The individual is focused on what’s best for you as a professional and does so in a collaborative way. Advocates are only found in corporate environments. These are people who admire your work and ability. Because they appreciate your work, they help you thrive. Advocates tend to lobby for promotions and pay raises on your behalf. They help you negotiate big career moves. However, all of this help is provided when thinking about you as a professional, not as a person—meaning they’re optimizing for your career success rather than your personal success. That doesn’t mean they don’t care about you. It means they are more concerned about your professional success than whatever side effects that success could have on your personal life. Regardless, advocates are critically important.
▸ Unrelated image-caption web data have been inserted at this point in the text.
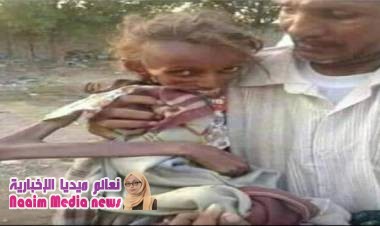  كارثة صحية بالحديدة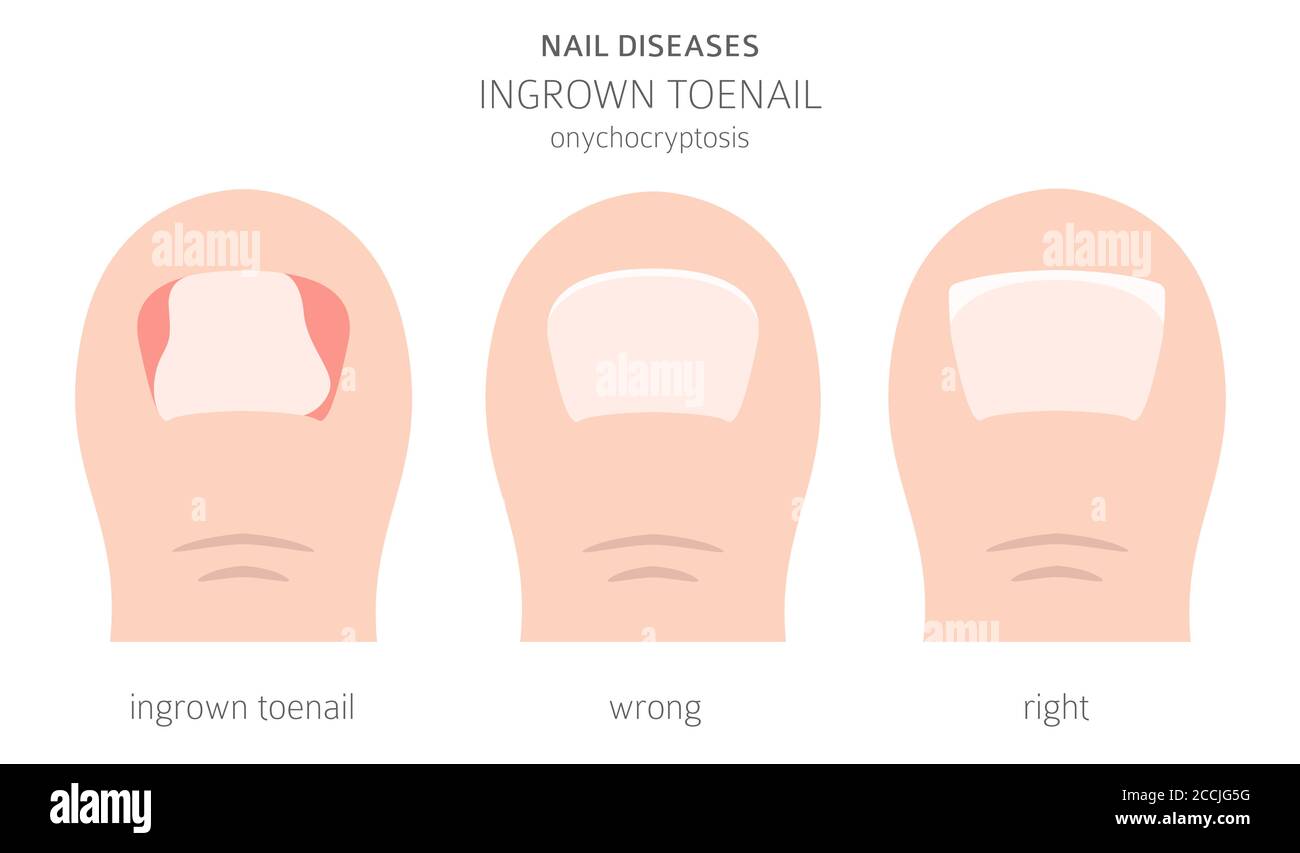 Nagelkrankheiten. Onychocryptosis, eingewachsene Zehennagel. Design medizinischer Infografik. Vektorgrafik Stock Vektor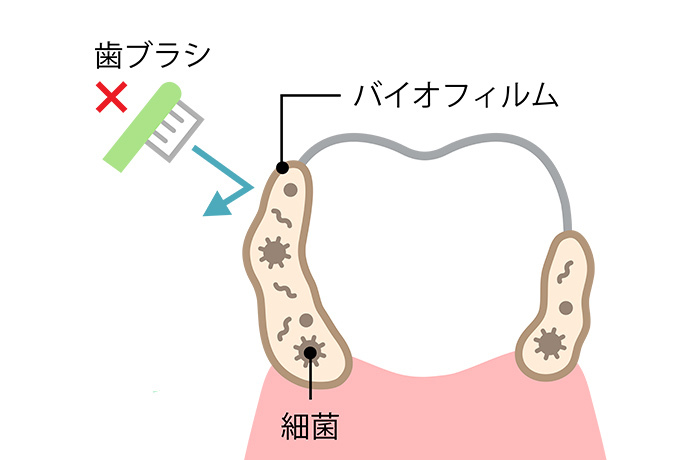 歯ブラシでも落とせない、歯の表面に付いたバイオフィルムのイメージイラスト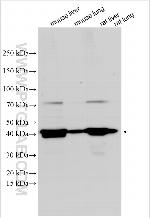KCNE2 Antibody in Western Blot (WB)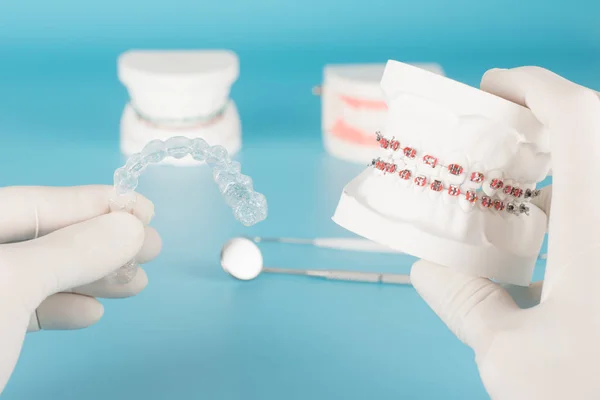 Helder Orthodontisch Model Tandheelkundige Zorgconcept — Stockfoto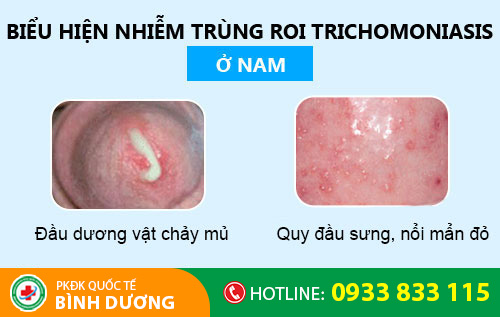 Nhiễm trichomonas ở nam giới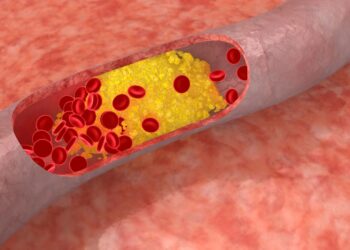 UOC ed UTIC di Mercato S. Severino in studi scientifici internazionali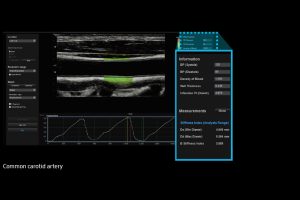 RS80EVO-arterialanalysis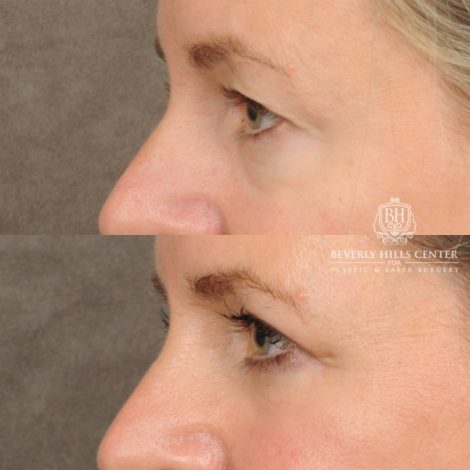 Beverly Hills Center Female Patient Before and After Upper & Lower Blepharoplasty, CUPID LIFT® Corner Lift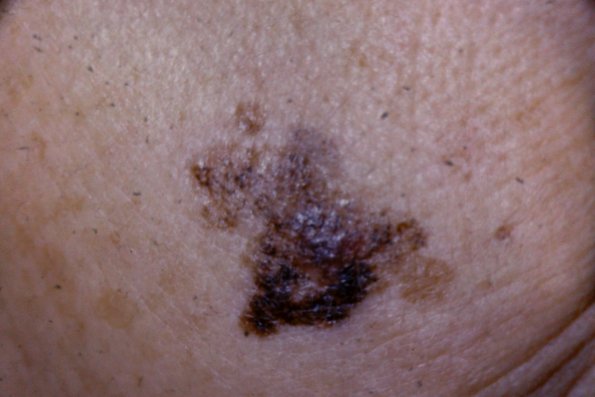 melanoma copy 2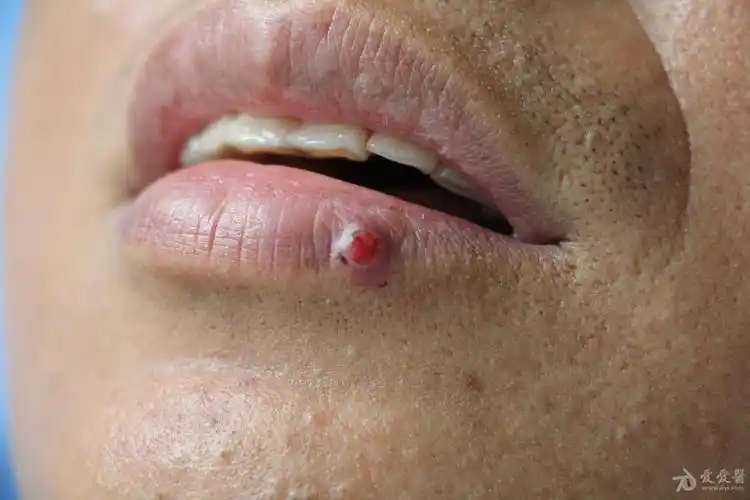 化脓性肉芽肿一例. - 皮肤及性传播疾病讨论版 - 爱爱医医学论坛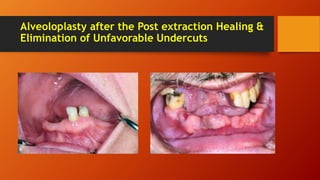 Alveoloplasty after the Post extraction Healing &
Elimination of Unfavorable Undercuts
 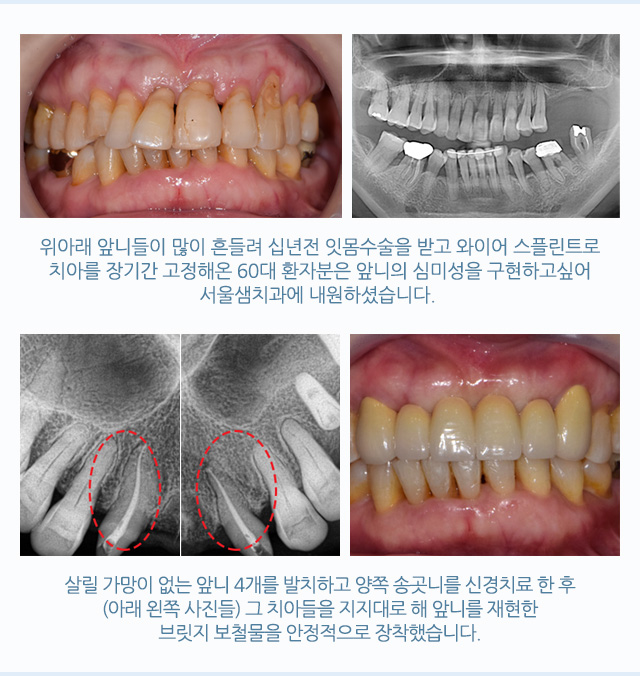 브릿지
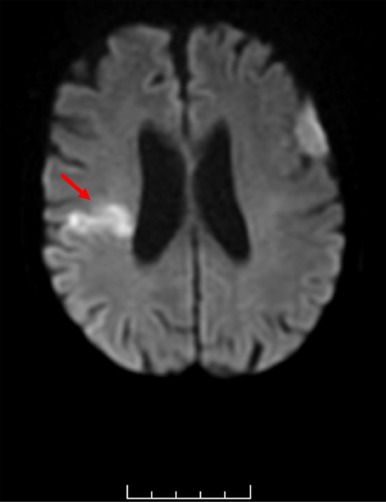 Editors@VJEM (@editorsvjem) on Twitter photo A case of stroke and STEMI: Which came first?
Come see what our authors <a href="/AndrewEyreMD/">Andrew Eyre</a> at <a href="/DrexelEmergency/">Drexel Emergency Med</a> <a href="/DrexelMedicine/">Drexel University College of Medicine</a> diagnosed and what happened to their patient. #Cardiology #emergencymedicine #embound <a href="/ELS_Emerg_Med/">Emergency Medicine</a>
sciencedirect.com/science/articl… A case of stroke and STEMI: Which came first?
Come see what our authors <a href="/AndrewEyreMD/">Andrew Eyre</a> at <a href="/DrexelEmergency/">Drexel Emergency Med</a> <a href="/DrexelMedicine/">Drexel University College of Medicine</a> diagnosed and what happened to their patient. #Cardiology #emergencymedicine #embound <a href="/ELS_Emerg_Med/">Emergency Medicine</a>
sciencedirect.com/science/articl…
There are several jobs I would have never had if it were not for advocates speaking up on my behalf. A great advocate can help you hop to the next level of your career at lightning speed. Be mindful that their help and advice do not consider every aspect of your life.
The individual is focused on what’s best for you as a professional and does so in a prescriptive way. Resources are sounding boards. You come to them with professional problems and roadblocks. They provide answers. It’s a transactional relationship. That said, it doesn’t mean that these relationships aren’t valuable. When you have resources in your life, they are typically experts who are busy but want to help. So, engaging with them at career inflection points allows them to provide meaningful input with maximum impact. When you engage a resource for professional help, these individuals usually share advice based on their own professional experience. They preach taking the path they chose given they know that path already leads to success (it did for them, after all). However, because this advice is prescriptive, it’s up to you to figure out how it fits into your life. Asking several resources for guidance requires analysis afterward. Once you learn about all of the potential solutions, it’s up to you to negotiate which path to choose. Here, a mentor would be helpful. A mentor would ask additional questions to help you begin whittling down the list until you get to the best option.
The grid ignores that your mentors can change over time. A mentor you had in high school may not be the mentor you have in college or beyond. As you grow, so do your mentors.
The grid ignores how to actually find a mentor. For me, my mentors are usually previous managers who meet two criteria: I loved their management style and I’m encouraged to stay in touch with them after being on their team. Over time, as we continue to stay in touch, these ex-managers become mentors.
While mentors may have all the answers, they protect the answer as something that the person they are advising (you!) needs to figure out for him or herself. Mentors provide guidance, frameworks, and questions that narrow optionality. With increased focus, you can expect outsized professional and personal returns.